Decision Date11 December 1991
Docket NumberNo. 91-0332,91-0332
Citation479 N.W.2d 557,166 Wis.2d 105
PartiesEDEN STONE COMPANY, INC., Plaintiff-Respondent, v. OAKFIELD STONE COMPANY, INC., Defendant-Appellant. d
CourtWisconsin Court of Appeals

Steven P. Sager and John R. Emery of Sager, Pavlick & Wirtz, S.C., Fond du Lac, for plaintiff-respondent.

Before NETTESHEIM, P.J., and ANDERSON and SNYDER, JJ.

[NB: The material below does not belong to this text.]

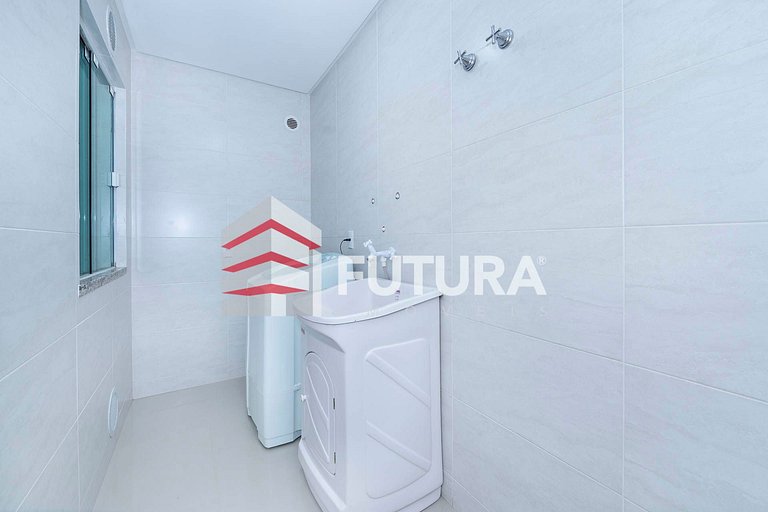 APARTAMENTOS COM 03 DORMITÓRIOS - LA244F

NETTESHEIM, Presiding Judge.

Oakfield Stone Company, Inc. (Oakfield) appeals from a judgment awarding Eden Stone Company, Inc. (Eden) $347,401. The judgment resulted from a jury determination that Oakfield tortiously converted a quantity of Niagara Dolomite stone located on the property of Daniel and Wendy Schraufnagel. Eden had previously acquired the right to quarry this stone by a lease agreement with the Schraufnagels. We affirm the judgment.

Eden and Oakfield are competitors in the quarrying and sale of various types of building stone. They operate adjacent quarries on separate parcels in Fond du Lac county. Both companies quarry and market a unique and valuable form of Niagara Dolomite stone known as "holey boulders." These boulders are found on a large ledge known as the Niagara Escarpment which runs through the area of Fond du Lac county where both Eden and Oakfield conduct their quarrying operations.

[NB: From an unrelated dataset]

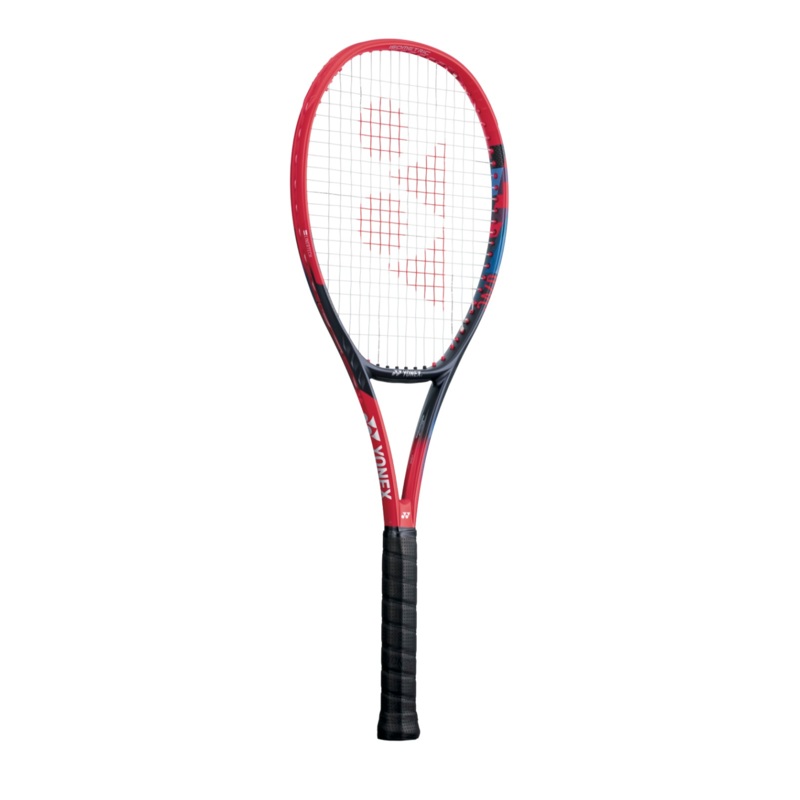Yonex VCore 95 V7|L1|L2|L3|L4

Oakfield originally quarried holey boulders on the Schraufnagel farm during the 1960's and 1970's. Thereafter, Oakfield ceased this operation, and, in 1975, Eden began quarrying these boulders on the Schraufnagel farm under a lease agreement which gave Eden exclusive quarrying rights. 1 In 1983, Eden and the Schraufnagels renewed this lease arrangement. This lease carried a five-year term with renewal option provisions. This lease was in effect when Oakfield quarried and removed the holey boulders at issue in this case from the Schraufnagel farm.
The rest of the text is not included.